» Task prompt
A word-for-word copy of the records is needed, with every picture left out.

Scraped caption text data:
•••

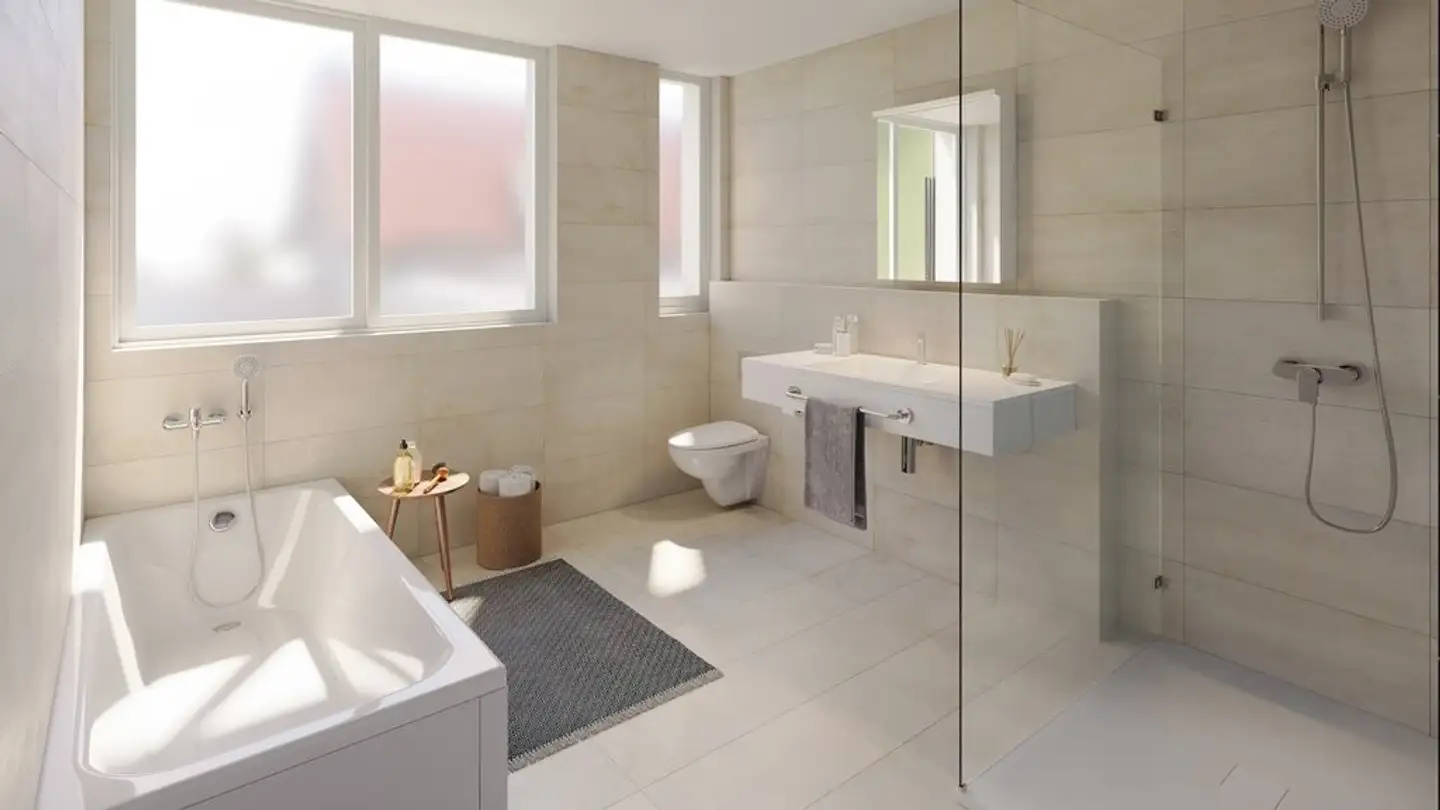 Wohnung mieten - Hauptstrasse 68a, 4625 Oberbuchsiten - Foto 4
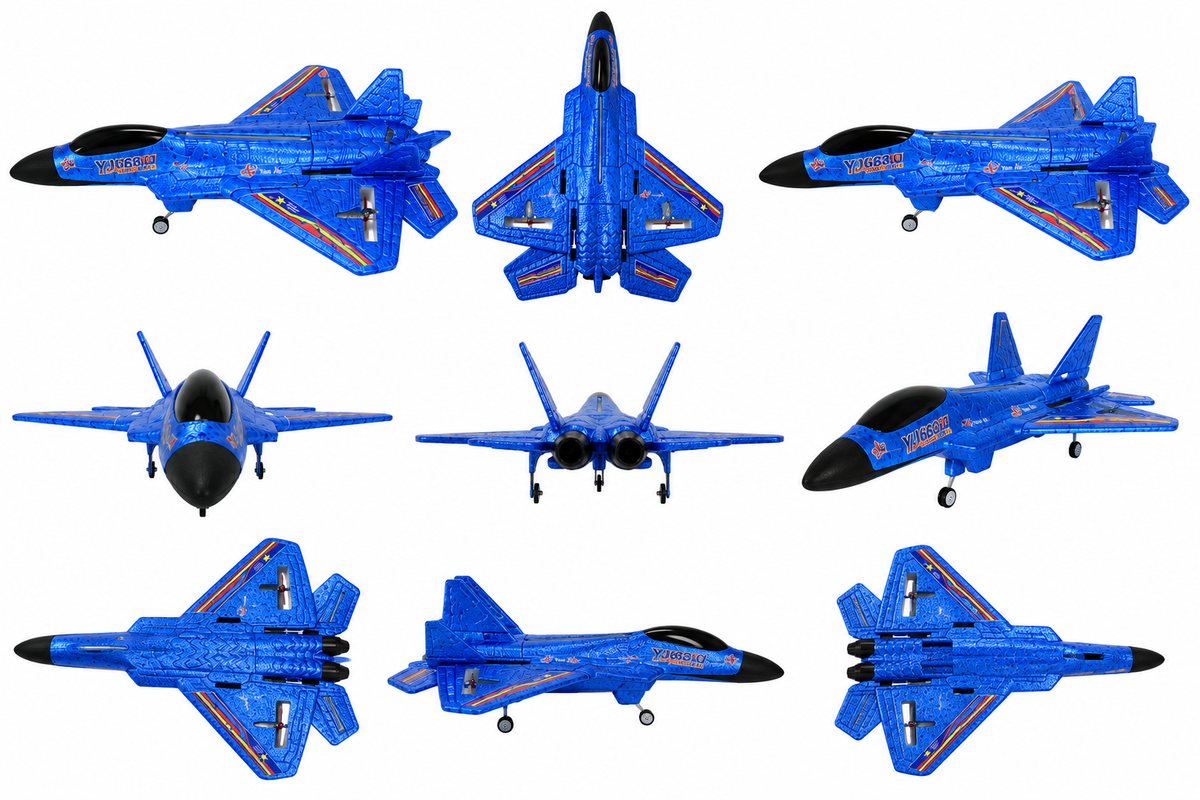 RC Fighter Jet YJ630
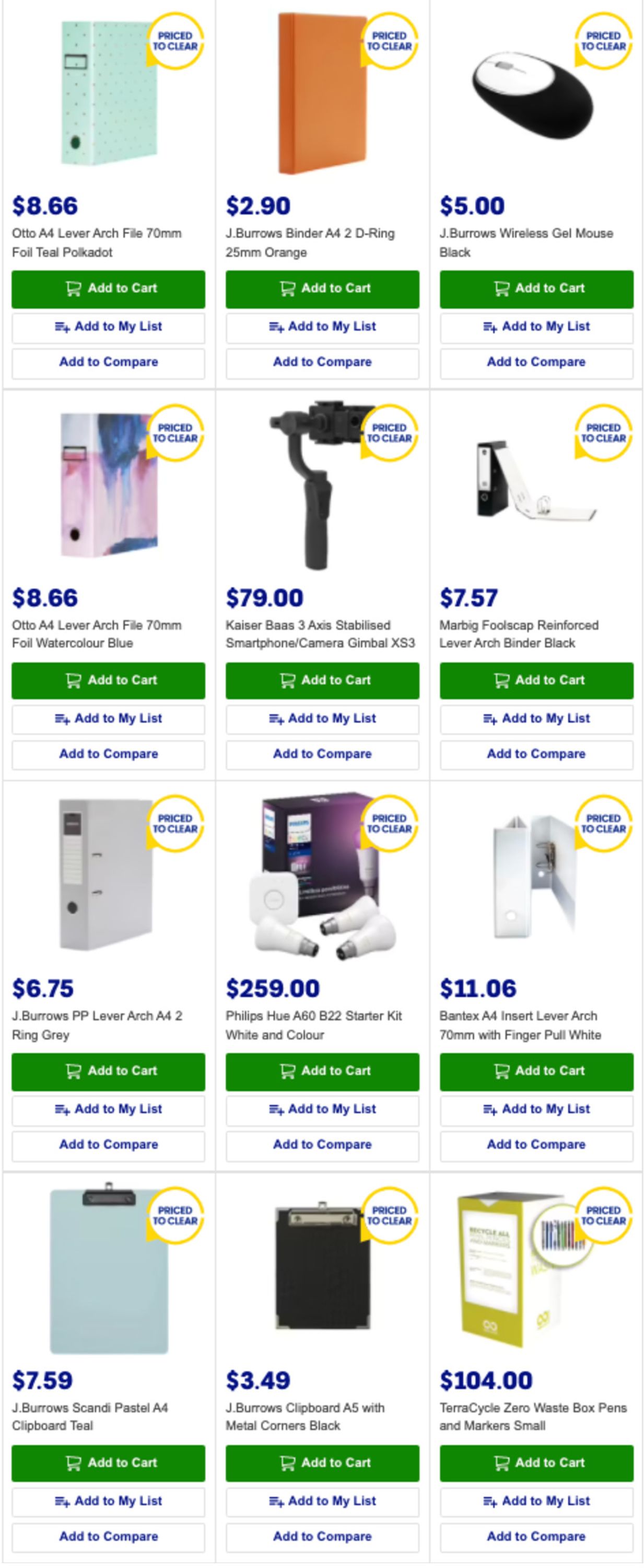 Officeworks Catalogue - 17/03-29/03/2022 (Page 7)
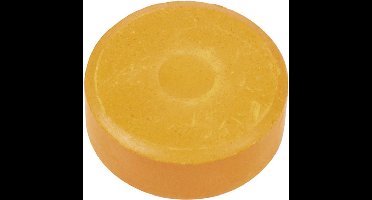 Waterverf, H: 16 mm, d 44 mm, oranje, 6 stuk/ 1 doos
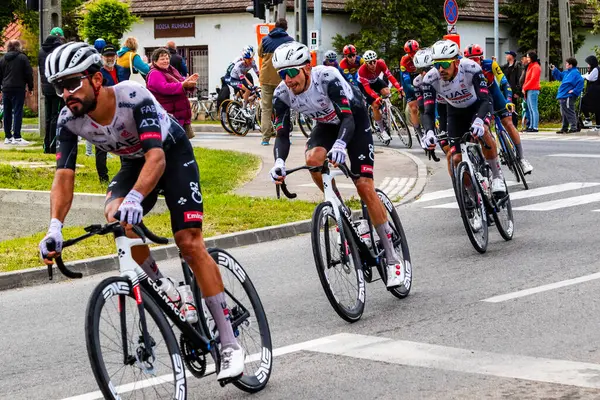 Macaristan 17 Mayıs 2025: İkinci etapta yapılan 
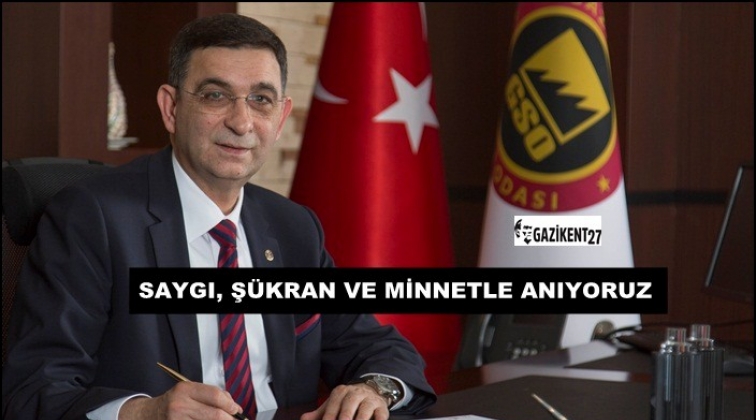 &Uuml;nverdi'den 10 Kasım mesajı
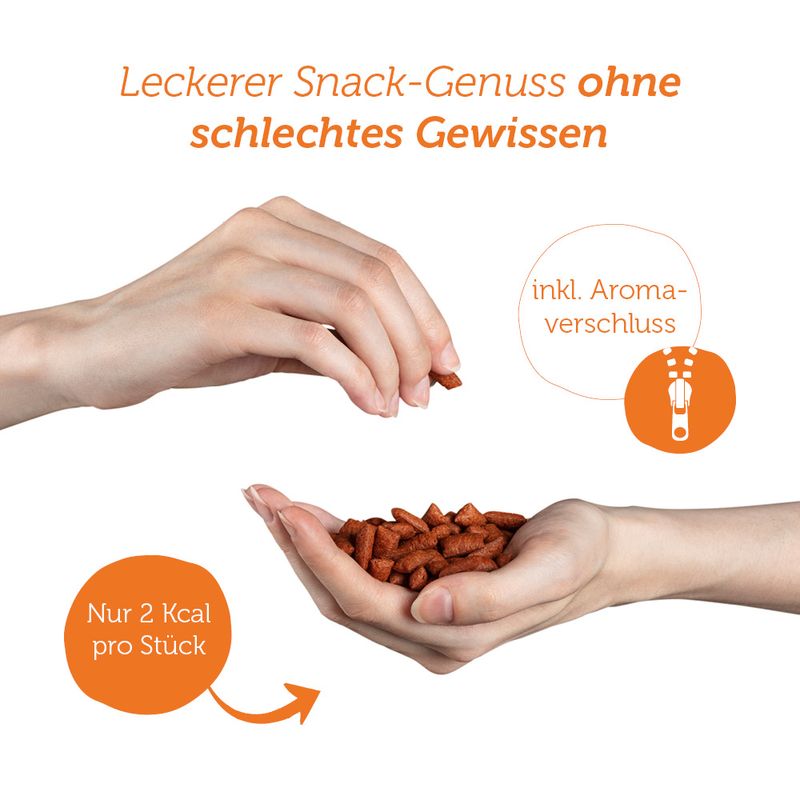 mera Crunch & Soft Huhn & Käse zu TOP-Preisen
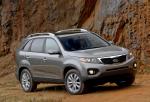 Kia Sorento 2010 года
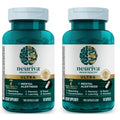 Neuriva Ultra Decaffeinated Nootropic Brain Supplement for Mental Alertness, Memory, Focus & Concentration, (60 Count), 2 Pack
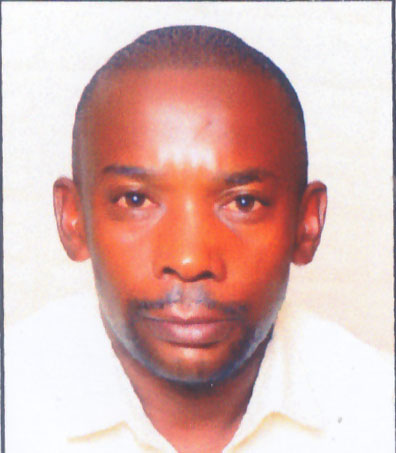 Mr Kamusiime Alex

•••

» Output for this exercise
 Wohnung mieten - Hauptstrasse 68a, 4625 Oberbuchsiten - Foto 4
 RC Fighter Jet YJ630
 Officeworks Catalogue - 17/03-29/03/2022 (Page 7)
 Waterverf, H: 16 mm, d 44 mm, oranje, 6 stuk/ 1 doos
 Macaristan 17 Mayıs 2025: İkinci etapta yapılan 
 &Uuml;nverdi'den 10 Kasım mesajı
 mera Crunch & Soft Huhn & Käse zu TOP-Preisen
 Kia Sorento 2010 года
 Neuriva Ultra Decaffeinated Nootropic Brain Supplement for Mental Alertness, Memory, Focus & Concentration, (60 Count), 2 Pack
 Mr Kamusiime Alex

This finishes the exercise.